Maps a list of concepts and their continuous embeddings to discrete composite primes. Each LSH hyperplane corresponds to a unique prime number.

Source code in engine-src/src/neurosym/encoder.py

def fit_transform(self, concepts: List[str], embeddings: np.ndarray) -> Dict[str, int]:
    """
    Maps a list of concepts and their continuous embeddings to discrete composite primes.
    Each LSH hyperplane corresponds to a unique prime number.
    """
    logger.info(f"Mapping {len(concepts)} concepts to discrete integer space (mode={self.projection})...")

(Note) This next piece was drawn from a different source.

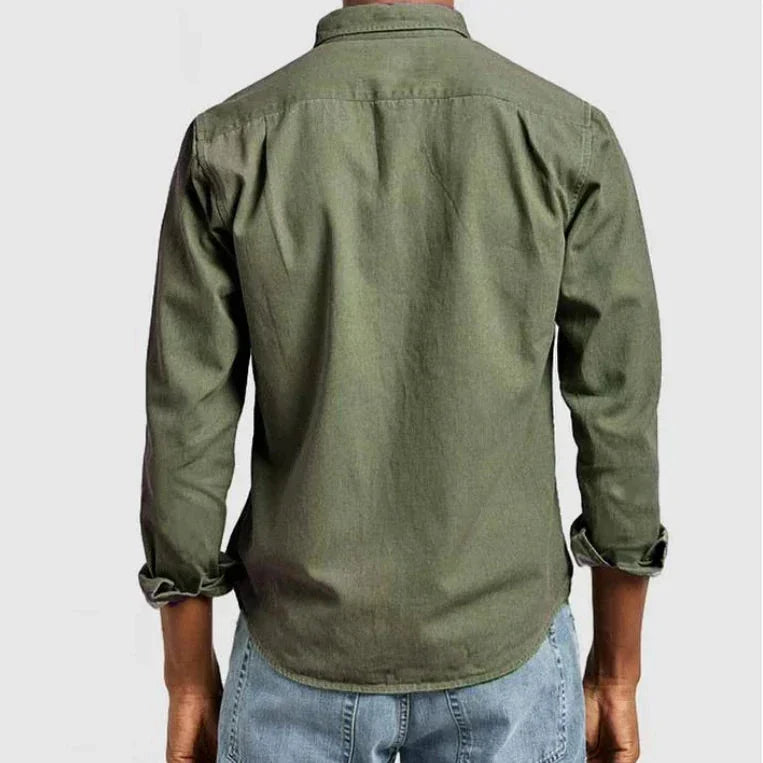 Men's Tailored-Fit Cotton Shirt with Notched Collar and Button Placket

    # Consensus mode has its own encoding pipeline
    if self.projection == "consensus":
        self.concept_to_prime = self._generate_consensus_encoding(concepts, embeddings)
        return self.concept_to_prime

    if self.planes is None:
        if self.projection == "pca":
            self._generate_pca_planes(embeddings)
        elif self.projection == "contrastive":
            self._generate_contrastive_planes(embeddings, concepts)
        else:
            self._generate_random_planes(embeddings.shape[1])

    # Assign a prime to each hyperplane (Semantic Feature)
    plane_primes = [sympy.prime(i + 1) for i in range(self.n_bits)]

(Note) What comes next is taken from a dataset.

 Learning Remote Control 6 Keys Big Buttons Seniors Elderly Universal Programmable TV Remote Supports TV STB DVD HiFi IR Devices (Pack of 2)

    for concept, emb in zip(concepts, embeddings):
        projections = np.dot(self.planes, emb)
        bits = (projections > 0).astype(int)

        composite_integer = 1
        for bit, prime_factor in zip(bits, plane_primes):
            if bit == 1:
                composite_integer *= prime_factor

        if composite_integer == 1:
            composite_integer = 2

        self.concept_to_prime[concept] = composite_integer

    return self.concept_to_prime

transform(concepts: List[str], embeddings: np.ndarray) -> Dict[str, int]

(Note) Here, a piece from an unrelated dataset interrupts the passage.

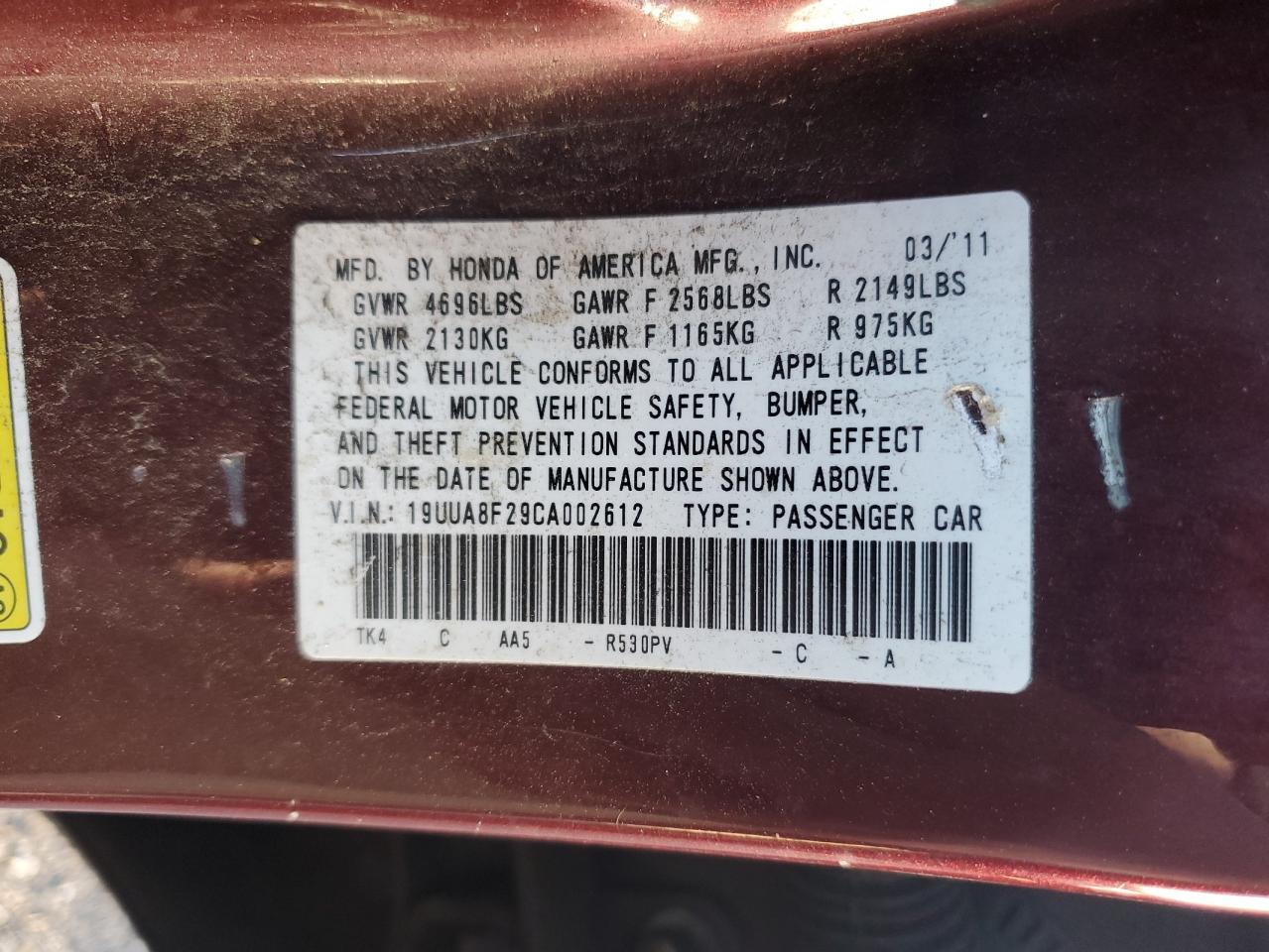 2012 ACURA TL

Maps a list of new concepts to discrete composite primes using EXISTING planes. Does NOT update internal planes.

Source code in engine-src/src/neurosym/encoder.py

def transform(self, concepts: List[str], embeddings: np.ndarray) -> Dict[str, int]:
    """
    Maps a list of new concepts to discrete composite primes using EXISTING planes.
    Does NOT update internal planes.
    """
    if self.planes is None:
        raise ValueError("DiscreteMapper has not been fitted. Call fit_transform first.")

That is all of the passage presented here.